# Connect 4

---

Author: S. Menary [sbmenary@gmail.com]

Date  : 2023-01-03, last edit 2023-01-14

Brief : Develop a simple Connect 4 game environment and implement a bot using Monte Carlo Tree Search (MCTS)

---

### Summary

- Connect 4 is a two-player, fully-observable, zero-sum game. 
- The game states may be represented as a tree sturcture, We can therefore implement a bot using tree-search algorithms. We choose Connect 4 because it is simple, and therefore provides a launch-pad for more complex games such as checkers or chess.
- Initially we implement vanilla MCTS with no machine learning. We expect this to be limited by (i) the stochastic rollout of the tree and (ii) the simplicity of the simulation policy.
- To introduce ML, we would perform alternate steps of MCTS evaluation and simulation policy improvement. In this way, the simulated games will _hopefully_ begin to approach "good play", and the final MCTS values will reflect the behaviour of good players.
- MCTS configuration:
    + Tree-traversal policy is:
        1. From the current node, uniformly-randomly select a non-expanded child if one is available
        2. Otherwise select child with highest UCB-1 score, traverse to this node and repeat
    + Resulting node is expanded by adding all possible children and selecting one by performing a uniformly-random action
    + Simulation policy is to select a uniformly-random action
- The UCB-1 score is designed to optimally balance exploration/exploitation for static multi-arm bandits. Strictly speaking, we are applying this in a non-stationary environment because the reward-distribution for each action changes according to the evolution of the down-stream tree. This makes UCB-1 theoretically sub-optimal. However, it is often used nonetheless.
- When playing an actual move (i.e. inference time), greedily select the action with the max average score from its MCTS visits (do not use UCB-1 since we are no longer exploring).

Observations:
- Strength of decision-making depends on how many iterations of MCTS we perform:
    1. When tree is shallow, we effectively assume that future play is random, which means we will choose options with the greatest number of permutations of winning. We therefore may neglect to defend against an imminent loss, favouring a different move with many win permutations (bad behaviour).
    2. When tree is deep and UCB1 score converges towards true means, at least for the best moves, then we effectively assume that future play is optimal. As play-count goes to infinity, our scores become unbiased.
    3. For finite but sufficient run-time, we assume optimal play, but using mean scores that are biased by the fact that our early simulations used random play instead of optimal play.
- This explains why even random simulation MCTS is pretty good - we end up doing most of our simulations with pretty effective play, at least for the next few moves where our tree is sufficiently grown.


## Imports

In [1]:
###
###  Required imports
###  - all imports should be placed here
###


##  Python core libs
import sys, time
from enum import IntEnum
from abc  import ABC, abstractmethod, abstractstaticmethod
from __future__ import annotations

##  PyPI libs
import numpy as np

##  Local packages
from connect4.enums     import BinaryPlayer, DebugLevel, GameResult
from connect4.GameBoard import GameBoard
from connect4.MCTS      import Node_VanillaMCTS


In [2]:
###
###  Print version for reproducibility
###

print(f"Python version is {sys.version}")
print(f"Numpy  version is {np.__version__}")

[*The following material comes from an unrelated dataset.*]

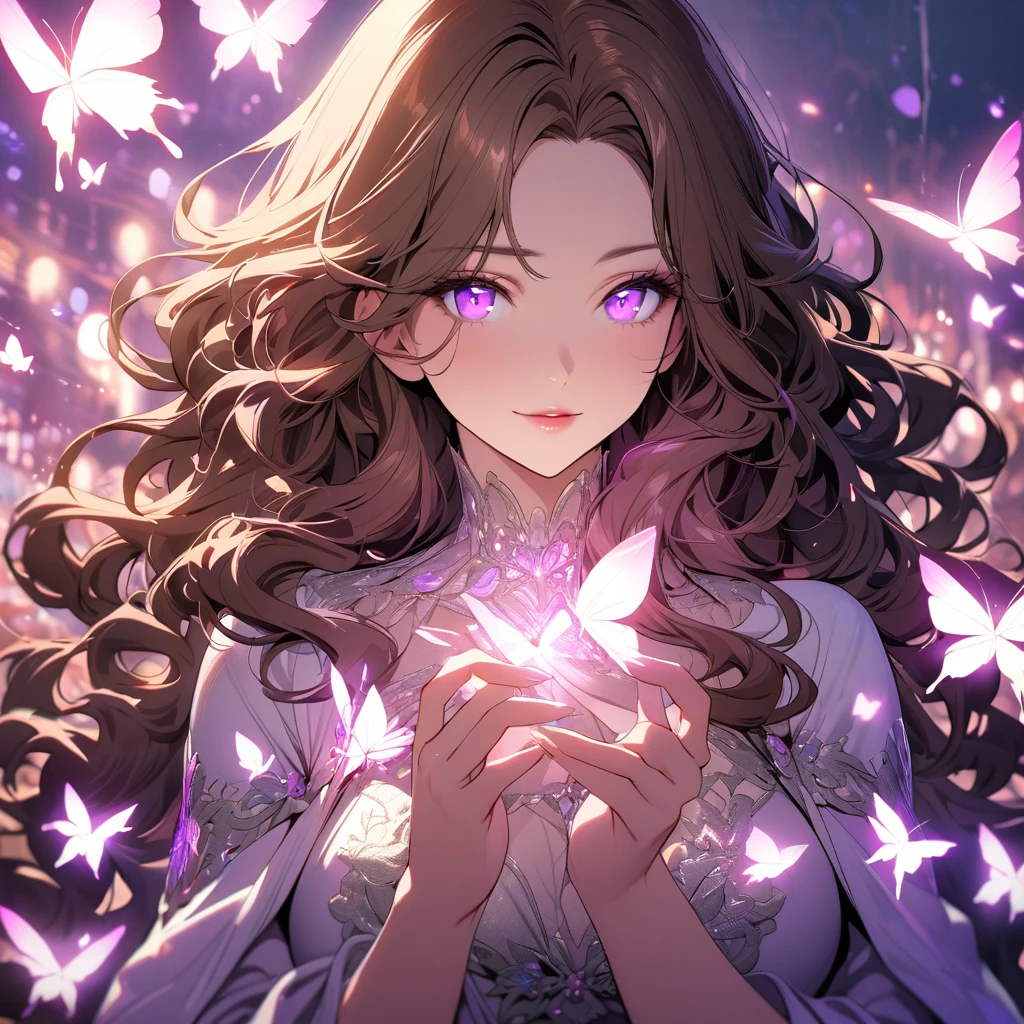girl, brown hair, wavy hair, long hair, glowing purple eyes, mature, gorgeous, beautiful background, super detail, beautiful color, glowing butterfly, angel, main face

Python version is 3.10.8 | packaged by conda-forge | (main, Nov 22 2022, 08:25:29) [Clang 14.0.6 ]
Numpy  version is 1.23.2


##  MCTS

Implement Node class to handle the tree search.

In [3]:


class BaseBot(ABC) :
    
    def __init__(self) :
        """
        Class BaseBot
        """
        self.root_node = None
    
    
    @abstractmethod
    def create_root_node(self, game_board:GameBoard) :
        """
        Create a root node for a given MCTS node type.
        """
        raise NotImplementedError()
        
        
    def choose_action(self, 
                      game_board:GameBoard = None, 
                      duration:int         = 1, 
                      max_sim_steps:int    = -1, 
                      debug_lvl:DebugLevel = DebugLevel.MUTE) :
        """
        Create a root_node from the current game state, and perform a timed MCTS to choose a move.
        """
        
        ##  If game has ended then cannot generate a new action
        game_result = game_board.get_result() 
        if game_board and game_board.get_result() :
            raise RuntimeError(f"Game is in terminal state {game_result}")

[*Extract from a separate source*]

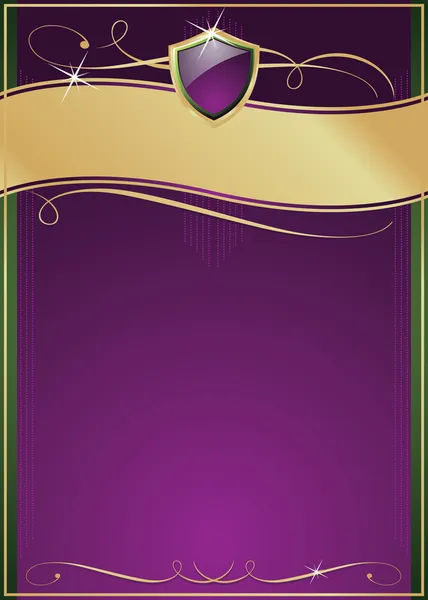 華やかな紫、緑とゴールドのページ — ストックベクタ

        ##  Create root_node from game_board provided
        ##  -  fall back to stored root_node if game_board is None
        if game_board :
            root_node = self.create_root_node(game_board)
        elif self.root_node : 
            root_node = self.root_node
        else :
            raise RuntimeError("No game_board provided and no previous root node stored")

        ##  Call timed_MCTS to update tree values 
        root_node.timed_MCTS(duration      = duration     , 
                             max_sim_steps = max_sim_steps, 
                             debug_lvl     = debug_lvl    )
        chosen_action = root_node.get_best_action()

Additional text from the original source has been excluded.